Short text fragments from websites:
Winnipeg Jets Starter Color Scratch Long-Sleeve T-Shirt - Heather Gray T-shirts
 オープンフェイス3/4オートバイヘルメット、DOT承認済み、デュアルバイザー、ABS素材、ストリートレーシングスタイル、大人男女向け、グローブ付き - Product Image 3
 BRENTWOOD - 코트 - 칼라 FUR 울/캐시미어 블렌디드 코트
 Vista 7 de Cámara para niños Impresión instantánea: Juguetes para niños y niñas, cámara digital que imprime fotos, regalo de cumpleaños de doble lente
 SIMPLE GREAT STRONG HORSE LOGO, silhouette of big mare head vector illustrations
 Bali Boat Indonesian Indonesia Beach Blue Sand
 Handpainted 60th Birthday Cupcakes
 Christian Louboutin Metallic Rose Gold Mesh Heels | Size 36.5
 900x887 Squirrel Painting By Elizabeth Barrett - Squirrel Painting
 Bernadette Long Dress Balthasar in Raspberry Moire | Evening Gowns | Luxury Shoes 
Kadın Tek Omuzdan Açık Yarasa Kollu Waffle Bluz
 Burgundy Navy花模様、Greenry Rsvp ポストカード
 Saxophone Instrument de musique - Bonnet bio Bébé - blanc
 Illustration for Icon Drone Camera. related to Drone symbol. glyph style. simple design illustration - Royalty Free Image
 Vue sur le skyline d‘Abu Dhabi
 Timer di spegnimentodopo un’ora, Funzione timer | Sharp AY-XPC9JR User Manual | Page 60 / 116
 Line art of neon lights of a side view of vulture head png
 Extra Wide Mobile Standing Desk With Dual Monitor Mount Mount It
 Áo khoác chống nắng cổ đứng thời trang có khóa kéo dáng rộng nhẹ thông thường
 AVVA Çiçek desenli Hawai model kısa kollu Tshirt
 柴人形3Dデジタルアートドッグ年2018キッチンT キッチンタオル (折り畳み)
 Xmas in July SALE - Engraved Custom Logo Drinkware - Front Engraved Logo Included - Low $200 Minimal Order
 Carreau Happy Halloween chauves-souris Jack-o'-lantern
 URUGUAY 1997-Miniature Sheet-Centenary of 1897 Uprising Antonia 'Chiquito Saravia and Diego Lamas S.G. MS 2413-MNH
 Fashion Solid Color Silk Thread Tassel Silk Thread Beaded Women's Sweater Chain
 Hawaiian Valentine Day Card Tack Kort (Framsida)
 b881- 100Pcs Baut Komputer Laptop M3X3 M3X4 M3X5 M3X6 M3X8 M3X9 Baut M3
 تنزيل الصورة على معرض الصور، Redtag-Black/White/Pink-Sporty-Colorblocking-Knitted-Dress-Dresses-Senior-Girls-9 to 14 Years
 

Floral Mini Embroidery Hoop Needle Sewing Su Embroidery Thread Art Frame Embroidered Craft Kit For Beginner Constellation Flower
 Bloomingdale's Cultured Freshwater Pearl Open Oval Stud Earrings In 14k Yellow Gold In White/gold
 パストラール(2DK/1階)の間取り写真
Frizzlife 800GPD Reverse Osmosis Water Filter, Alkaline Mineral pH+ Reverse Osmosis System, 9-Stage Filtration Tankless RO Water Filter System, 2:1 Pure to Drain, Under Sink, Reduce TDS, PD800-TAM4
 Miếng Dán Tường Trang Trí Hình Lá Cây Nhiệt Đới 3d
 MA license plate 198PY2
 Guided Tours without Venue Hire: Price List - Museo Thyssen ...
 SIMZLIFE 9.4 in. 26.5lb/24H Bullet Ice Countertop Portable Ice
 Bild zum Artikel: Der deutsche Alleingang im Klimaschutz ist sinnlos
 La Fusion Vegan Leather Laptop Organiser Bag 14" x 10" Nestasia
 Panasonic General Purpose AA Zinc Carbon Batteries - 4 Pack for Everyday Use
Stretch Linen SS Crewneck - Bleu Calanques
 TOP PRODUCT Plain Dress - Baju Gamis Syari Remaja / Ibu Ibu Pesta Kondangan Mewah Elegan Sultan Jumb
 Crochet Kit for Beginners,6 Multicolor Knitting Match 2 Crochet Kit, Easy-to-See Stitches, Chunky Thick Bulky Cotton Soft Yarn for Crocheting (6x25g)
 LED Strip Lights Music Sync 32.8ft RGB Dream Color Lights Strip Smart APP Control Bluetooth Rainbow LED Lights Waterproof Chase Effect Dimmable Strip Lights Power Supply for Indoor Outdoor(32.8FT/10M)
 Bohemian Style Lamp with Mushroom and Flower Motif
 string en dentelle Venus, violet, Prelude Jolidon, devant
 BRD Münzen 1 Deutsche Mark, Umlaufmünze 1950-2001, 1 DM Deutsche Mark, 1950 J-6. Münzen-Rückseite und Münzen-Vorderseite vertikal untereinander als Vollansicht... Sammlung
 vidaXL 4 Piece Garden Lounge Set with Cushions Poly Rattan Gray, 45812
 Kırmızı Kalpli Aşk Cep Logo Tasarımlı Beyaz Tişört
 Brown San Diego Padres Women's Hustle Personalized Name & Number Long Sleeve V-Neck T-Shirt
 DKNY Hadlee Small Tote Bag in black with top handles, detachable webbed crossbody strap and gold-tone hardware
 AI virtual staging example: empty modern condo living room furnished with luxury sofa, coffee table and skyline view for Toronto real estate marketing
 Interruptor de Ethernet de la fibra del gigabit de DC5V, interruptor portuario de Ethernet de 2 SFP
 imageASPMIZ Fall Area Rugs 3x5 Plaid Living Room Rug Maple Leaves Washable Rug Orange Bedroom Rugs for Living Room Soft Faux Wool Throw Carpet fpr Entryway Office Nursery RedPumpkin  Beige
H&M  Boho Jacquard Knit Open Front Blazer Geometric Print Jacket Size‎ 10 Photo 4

**Task instructions:**
Above are the entries. Quote exactly the lines from the one bearing "Burgundy Navy花模様、Greenry Rsvp ポストカード" through the one bearing "URUGUAY 1997-Miniature Sheet-Centenary".

**Solution to this problem:**
 Burgundy Navy花模様、Greenry Rsvp ポストカード
 Saxophone Instrument de musique - Bonnet bio Bébé - blanc
 Illustration for Icon Drone Camera. related to Drone symbol. glyph style. simple design illustration - Royalty Free Image
 Vue sur le skyline d‘Abu Dhabi
 Timer di spegnimentodopo un’ora, Funzione timer | Sharp AY-XPC9JR User Manual | Page 60 / 116
 Line art of neon lights of a side view of vulture head png
 Extra Wide Mobile Standing Desk With Dual Monitor Mount Mount It
 Áo khoác chống nắng cổ đứng thời trang có khóa kéo dáng rộng nhẹ thông thường
 AVVA Çiçek desenli Hawai model kısa kollu Tshirt
 柴人形3Dデジタルアートドッグ年2018キッチンT キッチンタオル (折り畳み)
 Xmas in July SALE - Engraved Custom Logo Drinkware - Front Engraved Logo Included - Low $200 Minimal Order
 Carreau Happy Halloween chauves-souris Jack-o'-lantern
 URUGUAY 1997-Miniature Sheet-Centenary of 1897 Uprising Antonia 'Chiquito Saravia and Diego Lamas S.G. MS 2413-MNH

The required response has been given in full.